Change in Guard at RBI
Other big news of the month was appointment of Mr. Urjit Patel as RBI’s next governor. Currently, he is serving as RBI’s Deputy Governor. Alumni of Oxford, Yale and LSE, Mr. Patel has also worked at IMF’s India office in early 90s.
Mr. Patel is known to have a zero tolerance for inflation. The Urjit Patel Committee headed by him, had recommended inflation targeting and shift to use of Consumer Price Index (CPI) as the main measure of inflation for the RBI (against earlier use of Wholesale Price Index i.e. WPI).
So this appointment sends clear message that government will continue to push its inflation agenda.
On Tap Banking License
August also saw release of recommendations for On-Tap licensing of Universal Banks. When implemented, this will do away with the current approach of bank licensing being once-in-a-decade kind of an event. Instead, the window for getting a bank license from RBI will remain open throughout the year. This is a big reformative step for the Indian banking sector.
But we are of the view that despite the new ‘on-tap’ regime, there will be no rush to establish new banks. Banking is a complex business and given the stringent guidelines, there will be very few takers in initial years. The commonly held view that NBFCs might be eager to convert into banking entities is also speculative and doesn’t hold much substance.
Quarterly GDP numbers came down
India’s GDP growth slowed down in the first quarter of 2016-17 – growing at 7.1% in Apr-Jun quarter against 7.9% in Jan-Mar quarter (Q4-2015-16).
The government is targeting 8% growth in current fiscal but a low figure in the first quarter has made the target difficult to achieve.
But it must be remembered that last year, 7.6% growth was achieved despite failures of two back-to-back monsoons. Fortunately, the monsoon has been good this year. So contribution of agriculture will be much better than previous two years.
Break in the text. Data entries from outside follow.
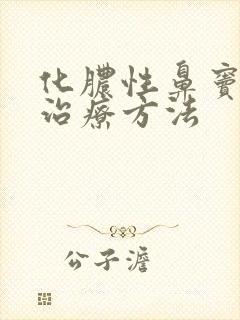 化脓性鼻窦炎的治疗方法封面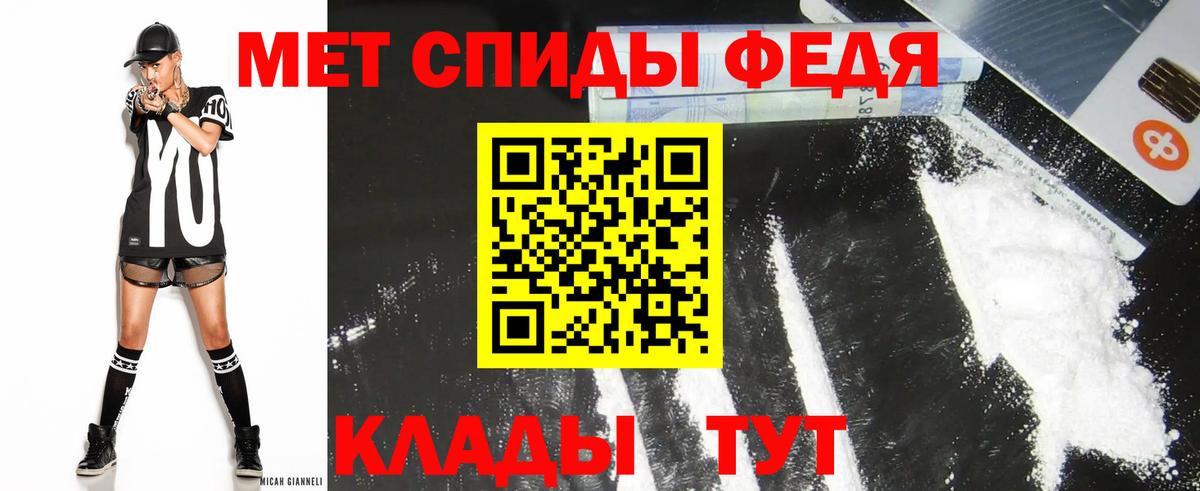 АМФ  Вход с VPN  omg онион  АМФЕТАМИН VHQ  Нерюнгри  АМФЕТАМИН 
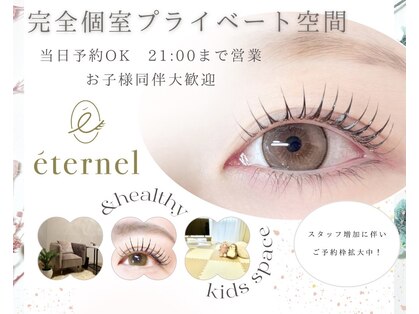 エティナル 上小田井(eternel)の写真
So good monsoon combined with the anticipated boost to urban consumption from pay hike, are expected to significantly push economic growth in the remaining quarters of 2016-17.
RBI has also acknowledged that in absence of any worthwhile pickup in private sectors’ investment activity (due to excess capacity, high debt levels, etc.), only a boost from agriculture and consumption recovery can help economy clock an 8% plus growth.
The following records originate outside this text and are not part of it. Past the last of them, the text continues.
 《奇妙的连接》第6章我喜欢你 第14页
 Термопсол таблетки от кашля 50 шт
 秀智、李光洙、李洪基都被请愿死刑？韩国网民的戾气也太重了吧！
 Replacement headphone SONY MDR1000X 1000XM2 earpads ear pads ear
RBI maintained status quo in its monetary policy meeting in August. With new governor joining in September, there might be a scope of rate cut (as early as in October) if inflation starts slowing* and if the monsoon signs off on a good note.
* July 2016 CPI inflation spiked unexpectedly to 6.07%, which is a new 23-month high.
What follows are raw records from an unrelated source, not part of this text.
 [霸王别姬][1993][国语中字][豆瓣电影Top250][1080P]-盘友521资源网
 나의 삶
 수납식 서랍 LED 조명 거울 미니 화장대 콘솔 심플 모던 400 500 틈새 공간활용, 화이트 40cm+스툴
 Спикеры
Pre-Festive Push to Auto Sector
Sales figures of almost all automobile companies saw a good increase ahead of the upcoming festive season. The major passenger-vehicle makers saw year-on-year sales increase of 15% in August.
As rural sentiments improve due to better monsoon, the sales in festive season are expected to be better than previous two years. But there is a risk that people might postpone their large-ticket purchases like vehicles in light of the expectation that GST implementation will bring down vehicle prices.
Coming to our portfolio, we remain convinced about the long term India story in spite of the increase in valuations. Apart from the expected passage of GST bill, we believe that a lot of investments and economic/policy decisions taken in last 2 years have set the stage for the next upmove.
Our portfolio remains adequately diversified across sectors and themes. The month of July saw no change in our holdings and sector allocation remains the same.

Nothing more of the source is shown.